Si bien han transcurrido ya más de 2 semanas desde el terremoto, sus réplicas continúan manteniendo en ascuas a la población de las zonas amagadas. Es difícil sustraerse del tema y de sus secuelas, las que perduran y perdurarán por mucho tiempo.
Dada nuestra condición de país sísmico, por encontrarnos en una región donde las placas se encuentran, desplazan, ajustan y chocan de tiempo en tiempo, se asume que nuestra vida familiar, laboral, social, cotidiana, debiera tener internalizada esta realidad. Sin embargo, en la práctica ello no se da, al menos cuando observamos los daños producidos. Los pueblos y ciudades de las regiones más afectadas pareciera que hubiesen sido bombardeadas. Físicamente están destruidas y más allá del apoyo material y financiero que necesitan, requerirán un fuerte apoyo psicológico para recuperar su autoestima, rearmar su familia, buscar o volver a su trabajo.
Junto con la necesidad de actuar, de reaccionar para ponernos nuevamente de pie, no podemos dejar de reflexionar sobre la prevención. No obstante que nuestras políticas, normas, estándares en materias constructivas, fiscalizadoras y de prevención de riesgos son más severas que en otros países, parecen ser insuficientes para enfrentar eventos como el que motiva estas líneas.
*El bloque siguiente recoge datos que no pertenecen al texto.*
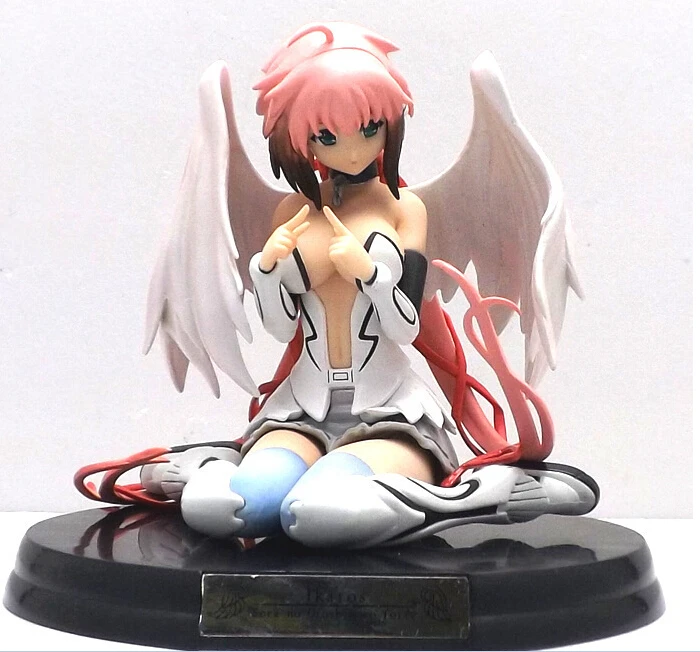 Аниме Sora no otoshimono Ikaros Сексуальная 1/7 ПВХ фигурка игрушка модель Коллекция в коробке 15 см Y6276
Si bien para la envergadura del cataclismo el número de muertos y heridos fue bajo, ello se explica en gran parte por la hora de ocurrencia, sin niños en las escuelas ni trabajadores en las empresas.
Las fotos y videos que a lo largo de estos días hemos presenciado, delatan nuestra precariedad, fragilidad y/o debilidad en las mas diversas materias y que nos resistimos a abordar de verdad. Todos sabemos que entre el camino costero y el mar no debe construirse, y entiendo que existen normas en tal sentido, tanto para facilitar el acceso público a la playa como por prevención ante un maremoto. Sin embargo, persistimos en construir entre el camino y la playa. Iloca y Duao son claros ejemplos del costo de la inexistencia o no aplicación de normas. Lo que no somos capaces de hacer nosotros, lo terminó haciendo el maremoto.
Lo mismo ocurrió con el terremoto. Hemos podido ver cómo lo que se ha hecho bien, sea antiguo o nuevo, resistió; lo que se ha hecho mal, no resistió. Así de simple. Moraleja: somos un país que no se puede dar el lujo de hacer mal las cosas; por el contrario, la naturaleza nos obliga a hacerlas bien. Por ello una de las lecciones que deja lo ocurrido es la necesidad de impregnarnos de una cultura por el trabajo bien hecho si no queremos engañarnos a nosotros mismos.